Problem requirements
Lines before the one with "コスメ通販　【指定第2類医薬品】メンソレータム エクシブEX 液" are left out; return that line and all that follow it, exactly, through the end of the data.

Record set
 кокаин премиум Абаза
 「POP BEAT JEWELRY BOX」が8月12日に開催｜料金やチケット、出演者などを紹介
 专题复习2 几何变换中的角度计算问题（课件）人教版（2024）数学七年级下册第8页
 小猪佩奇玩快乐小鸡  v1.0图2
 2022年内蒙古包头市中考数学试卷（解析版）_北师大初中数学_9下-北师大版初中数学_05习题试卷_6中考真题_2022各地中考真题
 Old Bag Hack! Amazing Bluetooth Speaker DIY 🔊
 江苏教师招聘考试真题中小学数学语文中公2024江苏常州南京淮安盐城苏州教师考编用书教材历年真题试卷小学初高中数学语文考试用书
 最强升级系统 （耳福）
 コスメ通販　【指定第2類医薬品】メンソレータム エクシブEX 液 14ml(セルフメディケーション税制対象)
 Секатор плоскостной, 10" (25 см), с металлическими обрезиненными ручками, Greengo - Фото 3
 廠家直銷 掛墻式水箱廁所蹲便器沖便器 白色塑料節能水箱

Solution
 コスメ通販　【指定第2類医薬品】メンソレータム エクシブEX 液 14ml(セルフメディケーション税制対象)
 Секатор плоскостной, 10" (25 см), с металлическими обрезиненными ручками, Greengo - Фото 3
 廠家直銷 掛墻式水箱廁所蹲便器沖便器 白色塑料節能水箱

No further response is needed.